Beyond The Moon #5 - Bitcoin Ends Multi-Week Winning Streak Amidst Outflows from Spot Bitcoin ETFs

After concluding the previous week with an indecisive doji candlestick pattern, Bitcoin encountered a decisive shift as bearish sentiment took hold, marked by substantial sell volume following a nearly six-week bull rally.

Monday’s trading session unfolded with Bitcoin exhibiting sideways movement, fluctuating within the range of $69,000 to $66,500.

However, the intraday peak of $69,000 proved to be the weekly high, as traders in the subsequent Asian session triggered a wave of momentum selling, precipitating a steep overnight decline of almost $7,000 to $62,300 during early pre-market hours on Tuesday. Consequently, all Bitcoin spot ETFs listed on the NYSE commenced the morning with a notable gap down of -5%.

The market has experienced several instances of “gap downs” with spot ETFs since their inception, often presenting buying opportunities as prices are bid up. This recent occurrence was no exception, as prices rallied approximately 3% or $2,000 intraday, reaching the mid $60,000s.

However, this rally was short-lived, swiftly fading as the Asian session resumed, with Bitcoin retracing the entire upward move and plummeting to a low of $60,761 during pre-market hours on Wednesday. Notably, barely halfway through the week, Bitcoin underwent a significant intra-week swing from its high to low, exceeding $8,000 or -12%. Tuesday’s daily candle close of -8.34% marked the largest daily drop since the FTX collapse in November 2021!

The volatility continued as the market braced for the 2nd Federal Reserve meeting of the year, keeping the crypto rollercoaster in full swing. Following a dovish outlook from the Federal Reserve, Bitcoin staged an impressive rally, reclaiming significant ground to reach $68,249. The Fed’s tone, emphasizing potential interest rate cuts and a slower pace of quantitative tightening, injected renewed confidence into risk-on assets, including Bitcoin.
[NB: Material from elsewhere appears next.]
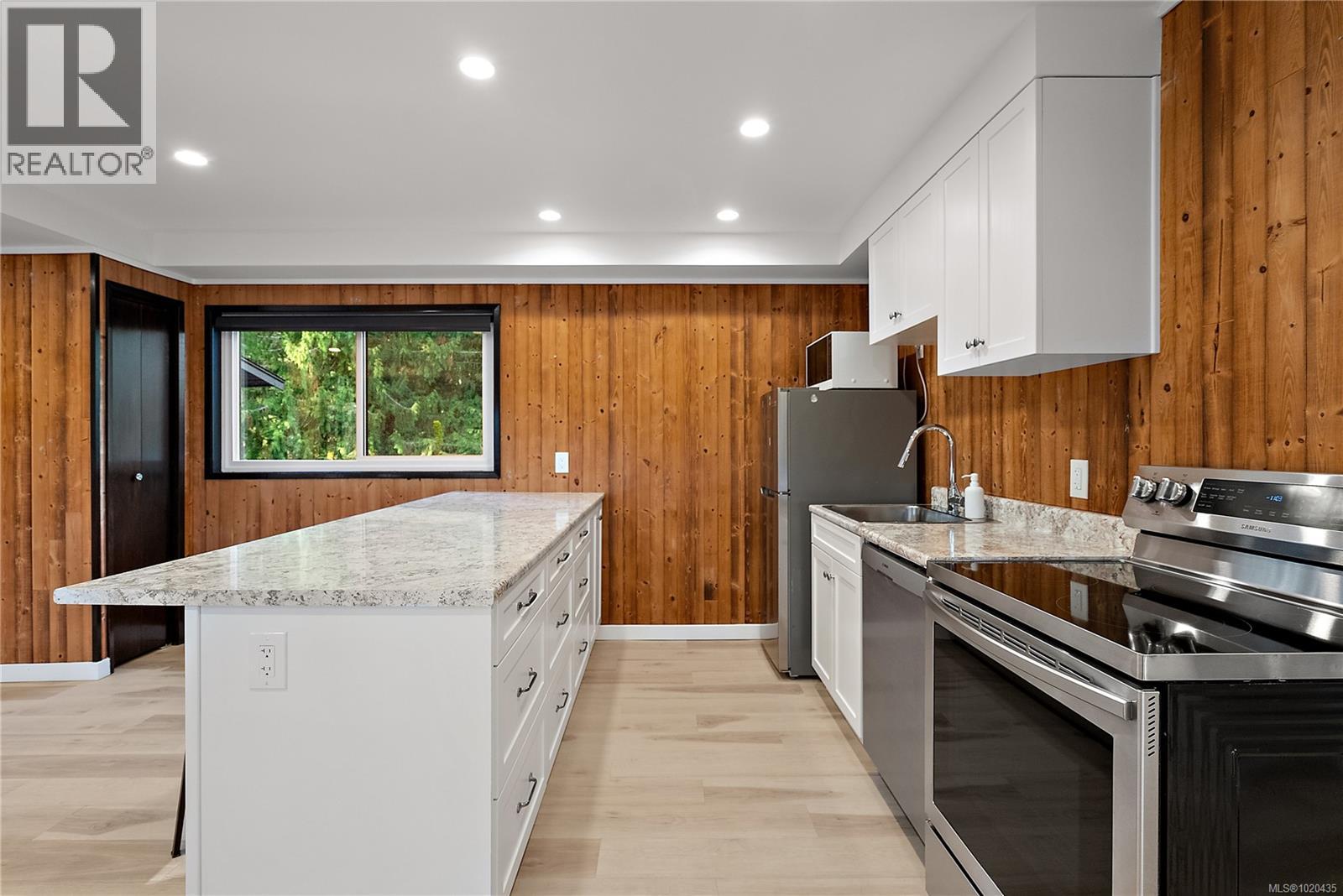 235 Hartland Ave, Saanich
However, despite the nearly 10% price rally following the FOMC conference, the $68,249 price point marked the day’s high, representing a lower high compared to the $69,000 swing earlier on Monday.

ETF Flows Update

Spot ETF flows exhibited a notable net decrease compared to previous weeks, signaling a significant shift in trend with six consecutive days of net outflows. This shift likely acted as a catalyst for Bitcoin’s price decline over the past week. The majority of recent outflows originated from Grayscale’s GBTC fund, which experienced a substantial decrease of 5,900 BTC or $339 million in just one day.
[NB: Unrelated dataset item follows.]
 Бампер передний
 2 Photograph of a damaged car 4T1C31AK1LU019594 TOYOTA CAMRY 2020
Over the course of the week, more than 28,000 bitcoins exited the fund, resulting in a 7.35% reduction in its total BTC under management. Despite peaking close to $12.2 billion in net inflows on March 15th, the week concluded with a reduction to $11.2 billion, marking an 8.2% decrease that closely mirrors Bitcoin’s price decline for the week.

Open Interest Data

Bitcoin futures open interest experienced a notable decline over the past week, dropping from $35 billion to $32 billion by week’s end, marking a decrease of over 9%. This reduction suggests a decrease in market participation among traders, potentially driven by profit-taking and position closures amid anticipated market volatility during FOMC week. Despite the decrease in ETF flows and a 6% price depreciation in Bitcoin for the week, longer-term technical indicators continue to signal bullish sentiment.

While it’s unrealistic to expect ETF flows to increase indefinitely, the market was poised for a pullback given this fundamental metric. As the month draws to a close, all eyes are on Bitcoin’s monthly closure. To solidify a record monthly closing high, Bitcoin needs to close above $61,359 by March 31st.